The main challenge is that our pattern is to capture the IP address of the host as a principal, so I can’t really do that with on the AMI, since I need to do it dynamically whenever something launches from the AMI. However, how do I do this across all of the OS types that could be chosen (Ubuntu, Amazon Linux, Red Hat, etc) and their various startup mechanisms?

I had started with a really simple shell script that configures the host to use Vault’s SSH Backend:

#!/bin/bash
#*******************************************************************************
# Name: sshprincipals.sh
# Description: Sets up SSH Authorized Principals for AWS Hosts
#*******************************************************************************
VAULT_ADDR=https://vault.example.com

# Gets the Public Key from Vault
curl -s -k -o /etc/ssh/trusted-user-ca-keys.pem ${VAULT_ADDR}/v1/ssh-client-signer/public_key

# Create the auth_principals directory if it doesn't exists
if [ ! -d "/etc/ssh/auth_principals" ]; then
  mkdir -p /etc/ssh/auth_principals
fi

# Create the file for the local login user (ec2-user, ubuntu, etc)
localip=`curl -s http://169.254.169.254/latest/meta-data/local-ipv4`

egrep -i "^ec2-user" /etc/passwd 1>/dev/null
if [ $? = 0 ]; then
  echo "$localip" > /etc/ssh/auth_principals/ec2-user
  echo "sre-team" >> /etc/ssh/auth_principals/ec2-user
fi

egrep -i "^ubuntu" /etc/passwd 1>/dev/null
if [ $? = 0 ]; then
  echo "$localip" > /etc/ssh/auth_principals/ubuntu
  echo "sre-team" >> /etc/ssh/auth_principals/ubuntu
fi

# Make sure the sshd_config file is configured correctly
egrep -i "^TrustedUserCAKeys" /etc/ssh/sshd_config 1>/dev/null
if [ $? = 1 ]; then
  printf "\nTrustedUserCAKeys /etc/ssh/trusted-user-ca-keys.pem" >> /etc/ssh/sshd_config
fi

egrep -i "^AuthorizedPrincipalsFile" /etc/ssh/sshd_config 1>/dev/null
if [ $? = 1 ]; then
  printf "\nAuthorizedPrincipalsFile /etc/ssh/auth_principals/%%u" >> /etc/ssh/sshd_config
fi

service sshd restart

The script gets the SSL Public Key from the vault server and then configures the auth_principals file for the primary user (ec2-user or ubuntu, you could add more). and then configure the necessary bits in the sshd_config file to support it.

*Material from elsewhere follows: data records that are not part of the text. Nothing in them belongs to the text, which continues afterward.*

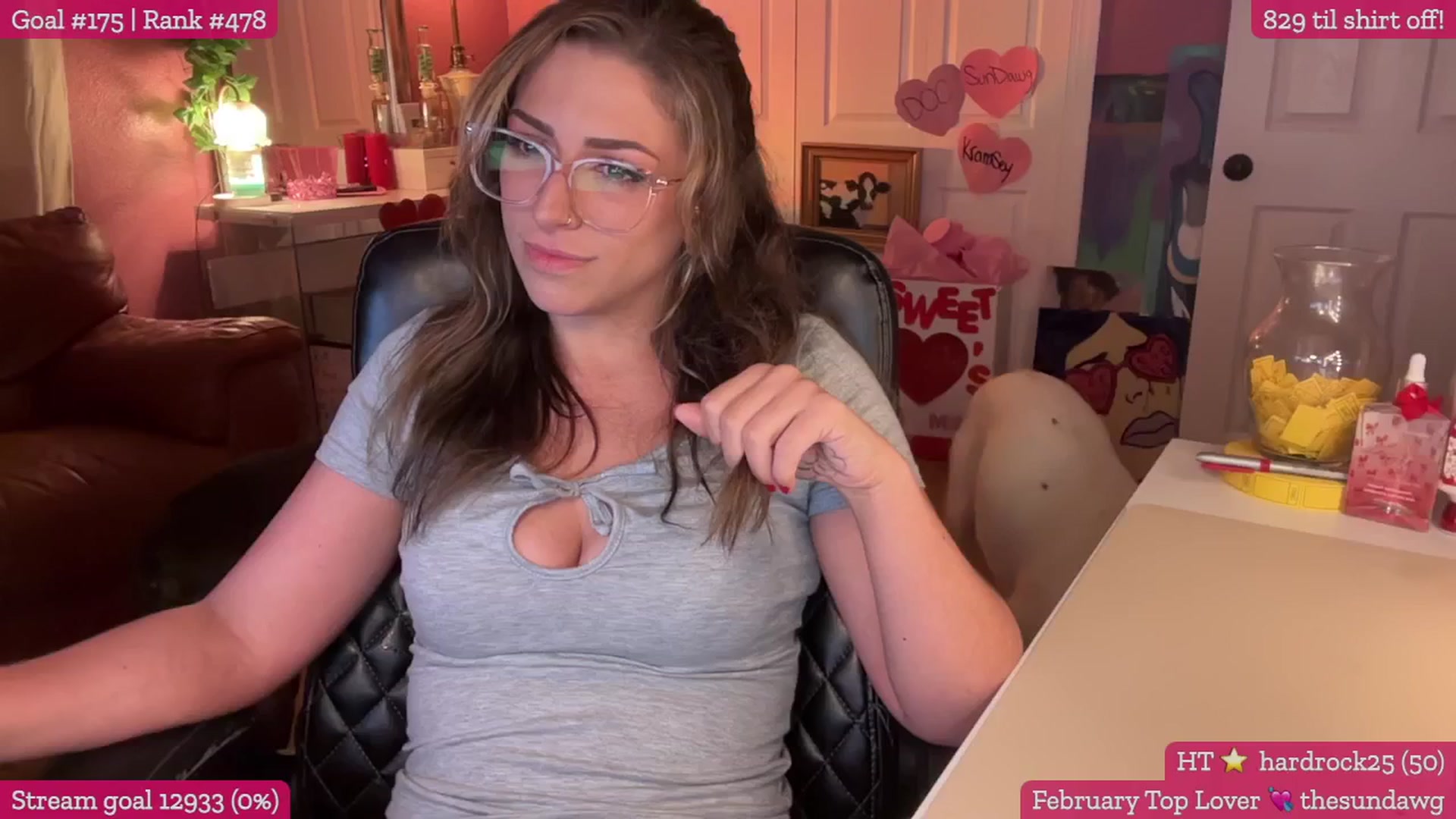 Gallery image thumbnail from Cleverrr_K's myfreecams stream on, 02/20/2025, 01:23 image 20 of 20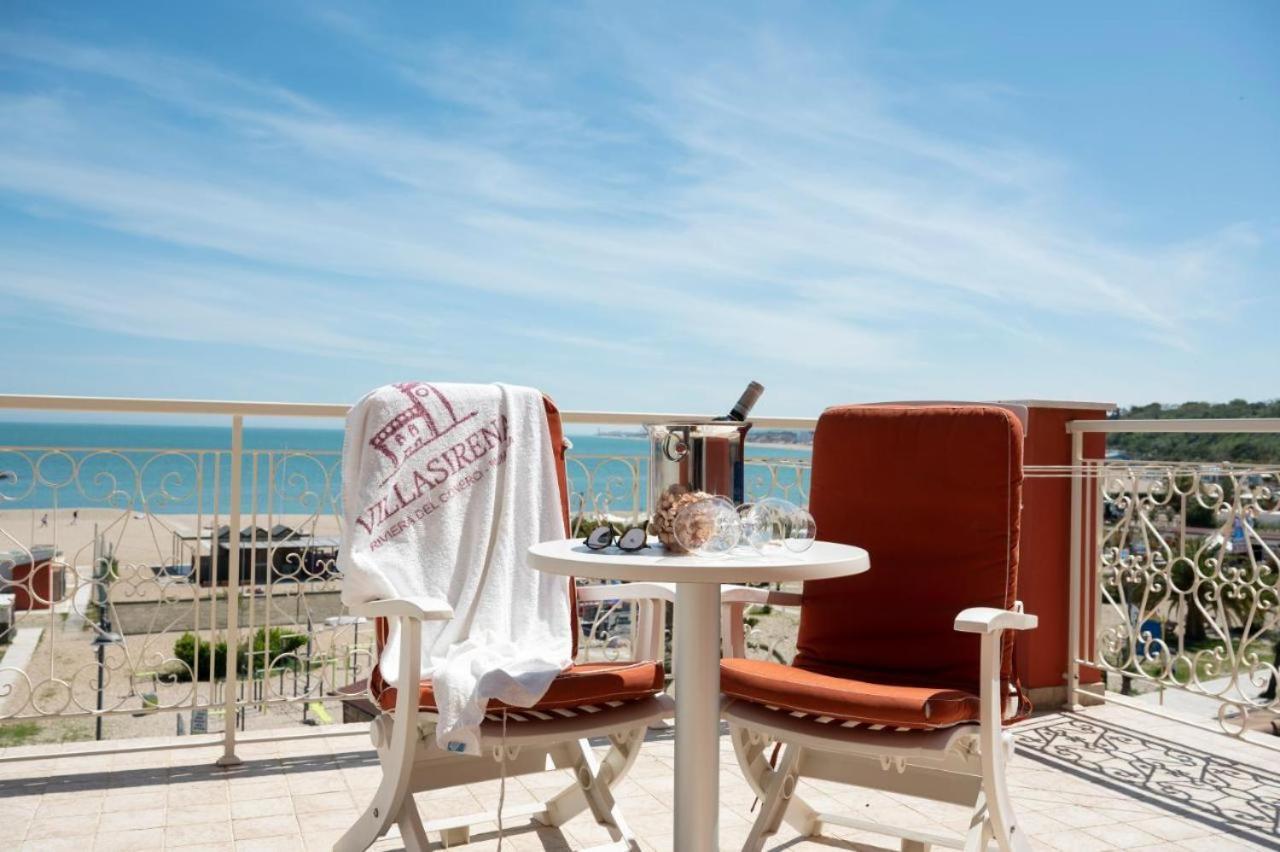 Hotel Villa Sirena Numana Dış mekan fotoğraf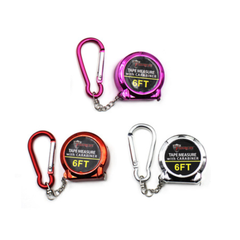 DIAMOND VISIONS THƯỚC CUỘN TÍCH HỢP MÓC KHÓA 1.8M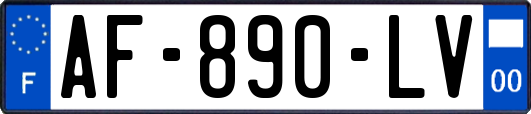AF-890-LV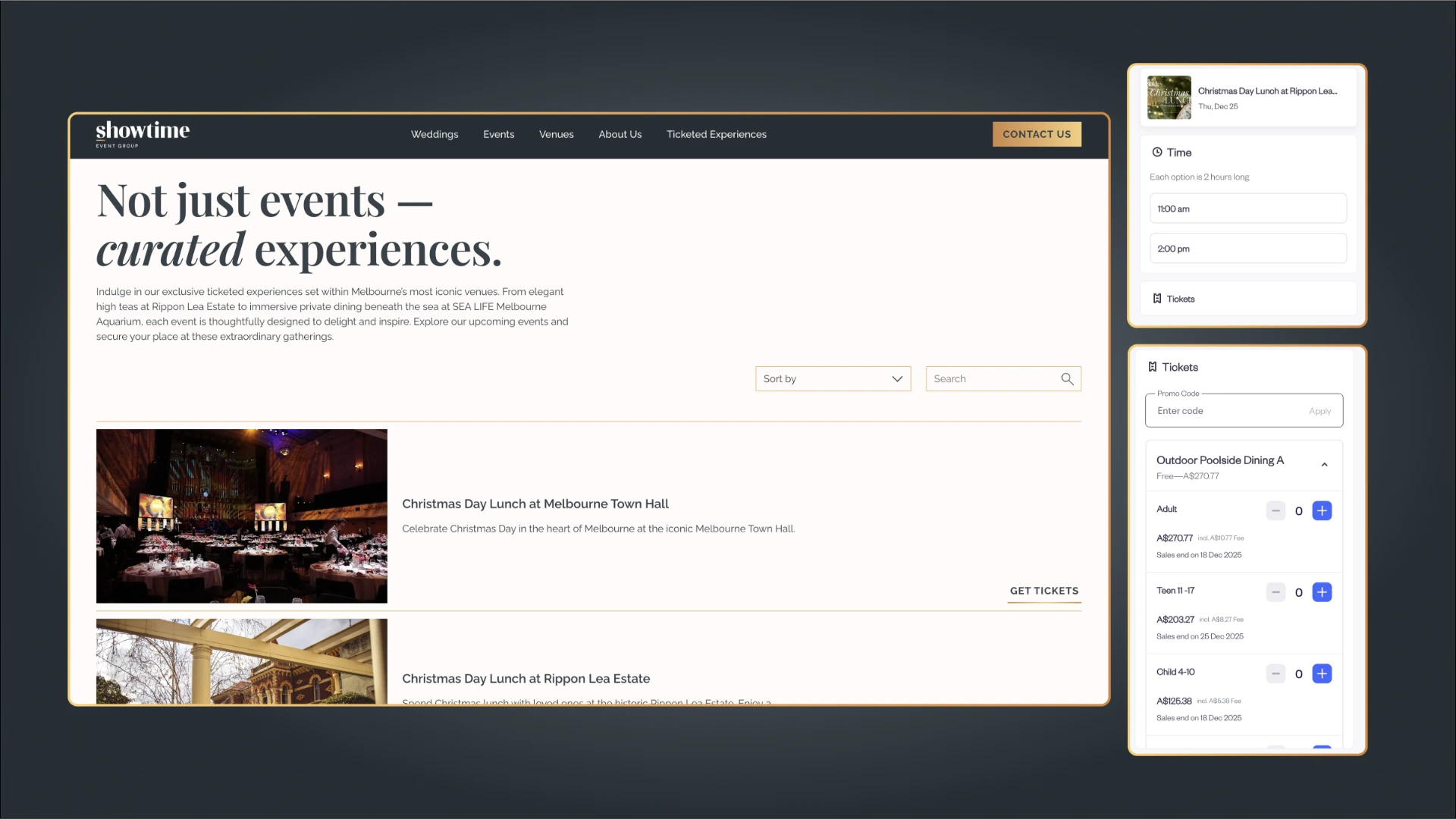 Rock full width image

So instead of trying to figure out what type of system it was running on and which startup mechanism to use, I decided to dig a little more into cloud-init.

With cloud-init I am able to run the above script on (and only on) initial launch. This is done by copying the above script to /usr/local/bin and then creating a new file in the /etc/cloud/cloud.cfg.d directory called 20_ssh_principals.cfg with the following content:

runcmd:
  - /usr/local/bin/sshprincipals.sh

Now, every time I launch a new instance that uses my base AMI, it will run the sshprincipals.sh script to configure my system to use the Vault SSH backend.